李敏是毛澤東與賀子珍的女兒,如此矚目的身份,讓她註定不會平凡。但李敏的心態卻和常人不一樣,從懂事起,她就以普通人的心態生活著。

「我就是李敏!我就是我!」

在學校的時候,李敏就被人另眼相看,甚至還有人在指指點點地向別人介紹她。但凡介紹,「毛主席」三個字自然要放在前面。一開始李敏並不理解人們的意思,後來才知道他們在說她是毛澤東的女兒。於是,一些人就向她投來異樣的目光。有的睜大了眼睛;有的表情、神態充滿狐疑,滿臉、滿眼都是問號、驚嘆號。她聽明白了就很生氣。她曾經這樣說:「父母與子女完全是兩回事。老子的功勞、地位、權勢與我有什麼關係?那不是我的。我就是我。」

1950年8月,所有在前蘇聯的孩子都回國以後,朱德等領導人在中南海接見了他們。一個同學瞪大了眼睛問另一個說:「毛主席是嬌嬌的爸爸,你聽說過嗎?」

那同學頭搖得跟撥浪鼓一樣,聳聳肩,攤開雙手,以驚詫的神態望著對方。

提問的男同學又轉過身去問旁邊另外一名同學:「嬌嬌的爸爸是毛澤東主席,你知道嗎?」

「從沒聽說過。」他回答得很乾脆。

「噢,原來大家都不知道,我還以為就我消息不靈通呢!」那同學說完就笑了。他想,還是問問嬌嬌自己吧。

「嬌嬌,你爸爸是毛澤東主席嗎?」他問。

「是的。」嬌嬌輕聲慢語答道。

「你怎麼從沒說過?」他又問

「說這幹什麼?爸爸是爸爸,我就是我。」她說。

「這就對啦!」他稱讚道。

說完,兩個人互相拍了一下手。意思是說:「對!理應如此。」

這種直率、樂觀、坦誠的性格,是他們在前蘇聯國際兒童院形成的。在那裡,他們受到了俄羅斯人性格的薰陶和感染。

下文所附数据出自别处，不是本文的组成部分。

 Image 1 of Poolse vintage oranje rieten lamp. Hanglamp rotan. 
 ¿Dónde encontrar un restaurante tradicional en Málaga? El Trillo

這種不以父輩為榮,不以「特殊公民」自居的思想,也來自兒童院的教育。這些當年來自各國的孩子,彼此情同手足,團結友愛。他們習慣地以兒童院為家,那裡培養了他們只知道有集體、有大家,而很少顧及自己家庭背景的良好品德。中國孩子大多數是中國共產黨早期領導人的子女。當然有的孩子很小,不知道父母的身份,像嬌嬌就是這樣。就是大孩子,像朱敏、毛岸英、毛岸青他們也都沒有中共領袖子弟的概念,更不用說什麼優越感,他們都把自己當成普通人看待。

可是,這些孩子跟普通人家的孩子又不一樣。他們當年比同齡人生活得更艱辛,道路更曲折、更坎坷,隨時都會遇到生命危險,他們的付出比普通人家的孩子們更多!

有一次,在遊園時,大家玩得正開心,突然有人向別人介紹說:「這是毛主席的女兒,李敏。」

儘管她知道說這話的人可能沒什麼惡意,只是一說,滿足一下虛榮心罷了,但她也無法按捺自己近乎憤怒的情緒。她第一次在大庭廣眾之下,發了火。

「我就是李敏!我就是我!」她脫口而出。

李敏的話使在場的人一驚,這足以看出她的性格有多麼坦誠、直率。

還有一回,在中山公園歡迎前蘇聯領袖伏洛希洛夫的遊園會上,她又一次感受到這樣的不痛快。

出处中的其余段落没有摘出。